Prompt: Search the records for the string "Patio" and copy every line where it turns up.
------------------------------------------------
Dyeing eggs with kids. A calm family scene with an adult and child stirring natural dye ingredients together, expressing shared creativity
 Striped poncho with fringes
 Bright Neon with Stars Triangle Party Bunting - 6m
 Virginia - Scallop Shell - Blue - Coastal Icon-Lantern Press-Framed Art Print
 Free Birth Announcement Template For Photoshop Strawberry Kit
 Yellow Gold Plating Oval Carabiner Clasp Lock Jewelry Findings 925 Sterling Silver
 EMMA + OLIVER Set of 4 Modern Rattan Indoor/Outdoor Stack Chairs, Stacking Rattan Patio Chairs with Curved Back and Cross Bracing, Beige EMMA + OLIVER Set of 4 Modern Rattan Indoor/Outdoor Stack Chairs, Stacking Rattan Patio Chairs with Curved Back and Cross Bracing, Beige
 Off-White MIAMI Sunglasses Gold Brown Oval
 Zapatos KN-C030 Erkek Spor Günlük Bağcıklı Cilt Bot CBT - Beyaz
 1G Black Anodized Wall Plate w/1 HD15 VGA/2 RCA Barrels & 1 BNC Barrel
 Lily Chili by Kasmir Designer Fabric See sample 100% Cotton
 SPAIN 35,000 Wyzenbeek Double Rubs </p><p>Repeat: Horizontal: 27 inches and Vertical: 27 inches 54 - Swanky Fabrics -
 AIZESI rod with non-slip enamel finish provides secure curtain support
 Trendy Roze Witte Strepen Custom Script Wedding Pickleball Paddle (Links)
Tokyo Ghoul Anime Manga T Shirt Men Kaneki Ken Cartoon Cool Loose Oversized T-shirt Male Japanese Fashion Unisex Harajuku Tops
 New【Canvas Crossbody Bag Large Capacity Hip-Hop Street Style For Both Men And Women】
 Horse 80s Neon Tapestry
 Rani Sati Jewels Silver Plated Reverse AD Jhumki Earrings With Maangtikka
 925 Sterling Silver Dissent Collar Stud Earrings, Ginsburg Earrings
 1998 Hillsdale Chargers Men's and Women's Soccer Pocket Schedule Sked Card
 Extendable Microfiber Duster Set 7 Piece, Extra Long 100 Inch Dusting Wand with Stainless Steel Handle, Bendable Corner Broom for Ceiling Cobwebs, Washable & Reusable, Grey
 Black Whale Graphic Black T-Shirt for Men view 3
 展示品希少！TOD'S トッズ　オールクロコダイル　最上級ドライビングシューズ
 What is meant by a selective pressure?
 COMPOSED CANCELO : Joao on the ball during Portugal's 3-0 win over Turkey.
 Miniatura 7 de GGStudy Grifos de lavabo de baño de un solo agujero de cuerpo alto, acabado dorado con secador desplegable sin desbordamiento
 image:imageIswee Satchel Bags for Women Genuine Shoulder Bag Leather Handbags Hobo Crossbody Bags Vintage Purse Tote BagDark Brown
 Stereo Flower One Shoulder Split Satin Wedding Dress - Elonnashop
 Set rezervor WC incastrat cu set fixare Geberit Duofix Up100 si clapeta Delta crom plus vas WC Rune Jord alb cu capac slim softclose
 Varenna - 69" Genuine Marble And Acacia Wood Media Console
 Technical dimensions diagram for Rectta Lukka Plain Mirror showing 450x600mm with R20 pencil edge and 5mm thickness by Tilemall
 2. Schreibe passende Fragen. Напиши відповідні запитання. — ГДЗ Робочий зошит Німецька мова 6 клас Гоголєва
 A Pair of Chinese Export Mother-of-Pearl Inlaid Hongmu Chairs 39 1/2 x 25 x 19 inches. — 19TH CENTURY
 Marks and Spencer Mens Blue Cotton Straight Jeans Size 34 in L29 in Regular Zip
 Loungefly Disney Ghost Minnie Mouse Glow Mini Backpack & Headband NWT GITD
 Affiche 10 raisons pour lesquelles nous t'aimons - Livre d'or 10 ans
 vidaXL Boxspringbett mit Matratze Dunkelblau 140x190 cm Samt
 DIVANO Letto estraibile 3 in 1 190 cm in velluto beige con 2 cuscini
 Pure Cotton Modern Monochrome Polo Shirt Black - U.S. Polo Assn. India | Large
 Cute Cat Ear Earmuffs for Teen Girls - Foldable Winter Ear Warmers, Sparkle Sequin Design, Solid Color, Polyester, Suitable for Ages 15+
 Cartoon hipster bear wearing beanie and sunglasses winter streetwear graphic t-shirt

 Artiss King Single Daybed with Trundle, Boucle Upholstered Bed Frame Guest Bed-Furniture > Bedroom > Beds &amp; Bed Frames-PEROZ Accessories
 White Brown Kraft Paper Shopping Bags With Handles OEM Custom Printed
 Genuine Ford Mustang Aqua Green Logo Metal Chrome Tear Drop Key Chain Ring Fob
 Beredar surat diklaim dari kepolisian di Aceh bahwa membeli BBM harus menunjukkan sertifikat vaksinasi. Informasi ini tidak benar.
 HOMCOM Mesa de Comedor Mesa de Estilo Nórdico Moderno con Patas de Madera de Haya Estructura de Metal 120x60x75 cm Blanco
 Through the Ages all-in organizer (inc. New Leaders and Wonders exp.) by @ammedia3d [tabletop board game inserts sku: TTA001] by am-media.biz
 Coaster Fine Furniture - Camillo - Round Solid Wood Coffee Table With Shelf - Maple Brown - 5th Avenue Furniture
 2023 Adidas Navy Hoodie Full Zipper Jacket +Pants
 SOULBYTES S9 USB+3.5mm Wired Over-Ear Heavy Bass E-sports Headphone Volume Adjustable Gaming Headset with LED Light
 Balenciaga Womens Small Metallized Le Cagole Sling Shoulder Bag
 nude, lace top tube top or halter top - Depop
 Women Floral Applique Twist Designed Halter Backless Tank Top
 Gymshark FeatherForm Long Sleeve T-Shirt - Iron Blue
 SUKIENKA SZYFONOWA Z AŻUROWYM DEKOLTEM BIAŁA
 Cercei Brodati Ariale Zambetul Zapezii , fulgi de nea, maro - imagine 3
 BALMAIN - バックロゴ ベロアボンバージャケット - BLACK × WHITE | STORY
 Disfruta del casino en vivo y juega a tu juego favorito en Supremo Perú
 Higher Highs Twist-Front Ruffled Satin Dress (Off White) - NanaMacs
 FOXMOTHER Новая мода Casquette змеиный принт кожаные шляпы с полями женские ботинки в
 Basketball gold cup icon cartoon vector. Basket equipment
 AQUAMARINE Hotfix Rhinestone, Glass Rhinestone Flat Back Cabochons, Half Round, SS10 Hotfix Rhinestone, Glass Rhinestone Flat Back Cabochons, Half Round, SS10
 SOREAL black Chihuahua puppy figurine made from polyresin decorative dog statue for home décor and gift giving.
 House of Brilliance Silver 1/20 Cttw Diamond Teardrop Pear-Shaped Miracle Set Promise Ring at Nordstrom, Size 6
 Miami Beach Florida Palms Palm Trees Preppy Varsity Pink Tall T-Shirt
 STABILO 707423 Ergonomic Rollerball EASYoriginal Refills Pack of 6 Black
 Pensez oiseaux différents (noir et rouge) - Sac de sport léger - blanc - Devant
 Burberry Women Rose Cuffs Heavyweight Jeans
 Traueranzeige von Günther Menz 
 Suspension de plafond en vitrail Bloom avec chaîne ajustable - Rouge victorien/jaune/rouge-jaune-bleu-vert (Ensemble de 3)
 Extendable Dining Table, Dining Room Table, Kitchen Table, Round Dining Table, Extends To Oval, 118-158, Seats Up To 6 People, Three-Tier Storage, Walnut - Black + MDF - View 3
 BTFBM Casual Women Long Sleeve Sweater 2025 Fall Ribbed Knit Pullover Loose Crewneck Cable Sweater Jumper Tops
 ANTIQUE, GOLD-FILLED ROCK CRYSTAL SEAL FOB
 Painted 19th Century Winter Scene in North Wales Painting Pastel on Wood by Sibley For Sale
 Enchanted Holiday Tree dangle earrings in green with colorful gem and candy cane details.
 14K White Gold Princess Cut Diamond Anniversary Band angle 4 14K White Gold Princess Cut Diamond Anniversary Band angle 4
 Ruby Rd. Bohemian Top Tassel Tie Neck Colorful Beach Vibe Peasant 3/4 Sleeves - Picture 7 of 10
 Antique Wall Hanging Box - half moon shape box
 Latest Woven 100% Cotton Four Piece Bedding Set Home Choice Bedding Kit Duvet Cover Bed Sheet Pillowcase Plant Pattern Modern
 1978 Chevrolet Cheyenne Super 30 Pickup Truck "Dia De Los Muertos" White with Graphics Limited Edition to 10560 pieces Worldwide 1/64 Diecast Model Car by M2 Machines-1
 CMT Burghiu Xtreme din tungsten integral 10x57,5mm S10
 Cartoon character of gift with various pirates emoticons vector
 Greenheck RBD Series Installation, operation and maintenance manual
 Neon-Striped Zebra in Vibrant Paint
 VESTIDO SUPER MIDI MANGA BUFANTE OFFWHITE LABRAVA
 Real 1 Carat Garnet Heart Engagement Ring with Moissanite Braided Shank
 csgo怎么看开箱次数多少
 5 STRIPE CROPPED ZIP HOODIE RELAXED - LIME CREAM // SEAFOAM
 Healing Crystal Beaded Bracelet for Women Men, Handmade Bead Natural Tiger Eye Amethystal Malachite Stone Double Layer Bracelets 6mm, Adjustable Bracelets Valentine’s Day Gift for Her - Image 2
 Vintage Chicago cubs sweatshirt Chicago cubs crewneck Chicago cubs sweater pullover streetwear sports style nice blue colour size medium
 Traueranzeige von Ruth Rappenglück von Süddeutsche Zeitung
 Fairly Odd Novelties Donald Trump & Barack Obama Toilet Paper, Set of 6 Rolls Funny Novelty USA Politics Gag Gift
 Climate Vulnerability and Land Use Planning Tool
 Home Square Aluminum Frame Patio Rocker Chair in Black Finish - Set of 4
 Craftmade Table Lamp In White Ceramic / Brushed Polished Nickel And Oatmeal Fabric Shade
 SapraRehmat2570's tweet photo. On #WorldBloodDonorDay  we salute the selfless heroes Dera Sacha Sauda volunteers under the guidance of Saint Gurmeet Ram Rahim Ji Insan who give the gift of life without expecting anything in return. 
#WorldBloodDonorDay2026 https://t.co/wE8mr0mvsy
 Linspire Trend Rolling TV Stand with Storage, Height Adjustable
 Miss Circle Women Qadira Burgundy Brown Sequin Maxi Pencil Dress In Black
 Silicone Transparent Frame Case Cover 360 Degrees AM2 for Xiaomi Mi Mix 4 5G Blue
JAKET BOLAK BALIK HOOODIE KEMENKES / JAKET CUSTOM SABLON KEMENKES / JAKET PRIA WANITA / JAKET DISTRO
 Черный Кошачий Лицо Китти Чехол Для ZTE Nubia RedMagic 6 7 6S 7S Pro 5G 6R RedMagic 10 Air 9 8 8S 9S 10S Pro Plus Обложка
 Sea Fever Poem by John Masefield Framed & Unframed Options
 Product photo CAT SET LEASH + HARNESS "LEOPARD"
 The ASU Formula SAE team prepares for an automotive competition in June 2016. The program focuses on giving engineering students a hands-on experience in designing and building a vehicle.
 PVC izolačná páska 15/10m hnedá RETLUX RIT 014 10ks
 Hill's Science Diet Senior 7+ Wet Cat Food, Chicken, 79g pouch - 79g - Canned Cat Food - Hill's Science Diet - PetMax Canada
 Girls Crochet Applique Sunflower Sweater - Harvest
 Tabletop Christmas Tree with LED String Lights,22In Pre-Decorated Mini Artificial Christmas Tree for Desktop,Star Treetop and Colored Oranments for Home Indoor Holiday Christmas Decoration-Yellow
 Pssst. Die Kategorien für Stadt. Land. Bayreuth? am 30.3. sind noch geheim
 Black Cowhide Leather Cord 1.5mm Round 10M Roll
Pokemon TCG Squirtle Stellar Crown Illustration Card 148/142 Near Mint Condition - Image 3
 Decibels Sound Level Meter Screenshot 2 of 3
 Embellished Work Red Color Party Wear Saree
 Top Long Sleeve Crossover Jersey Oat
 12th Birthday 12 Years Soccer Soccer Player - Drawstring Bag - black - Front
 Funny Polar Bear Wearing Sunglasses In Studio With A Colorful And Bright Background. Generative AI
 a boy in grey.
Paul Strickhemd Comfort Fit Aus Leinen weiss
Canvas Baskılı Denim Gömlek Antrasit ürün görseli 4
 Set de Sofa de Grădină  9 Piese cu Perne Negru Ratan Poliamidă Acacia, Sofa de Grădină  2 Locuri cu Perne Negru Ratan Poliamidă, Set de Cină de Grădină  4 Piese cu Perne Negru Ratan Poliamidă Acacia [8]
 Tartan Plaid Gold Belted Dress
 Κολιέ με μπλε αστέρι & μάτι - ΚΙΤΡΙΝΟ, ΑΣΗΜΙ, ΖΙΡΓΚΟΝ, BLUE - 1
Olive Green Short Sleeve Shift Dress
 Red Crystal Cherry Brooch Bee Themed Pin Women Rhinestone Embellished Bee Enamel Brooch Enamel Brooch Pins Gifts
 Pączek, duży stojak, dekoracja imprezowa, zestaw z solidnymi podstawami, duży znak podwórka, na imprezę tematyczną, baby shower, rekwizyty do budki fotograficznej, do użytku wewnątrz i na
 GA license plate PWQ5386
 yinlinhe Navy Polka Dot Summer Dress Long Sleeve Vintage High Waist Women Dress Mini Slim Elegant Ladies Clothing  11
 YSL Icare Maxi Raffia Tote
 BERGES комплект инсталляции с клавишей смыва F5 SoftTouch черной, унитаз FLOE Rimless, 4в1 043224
------------------------------------------------
Output for this exercise:
 EMMA + OLIVER Set of 4 Modern Rattan Indoor/Outdoor Stack Chairs, Stacking Rattan Patio Chairs with Curved Back and Cross Bracing, Beige EMMA + OLIVER Set of 4 Modern Rattan Indoor/Outdoor Stack Chairs, Stacking Rattan Patio Chairs with Curved Back and Cross Bracing, Beige
 Home Square Aluminum Frame Patio Rocker Chair in Black Finish - Set of 4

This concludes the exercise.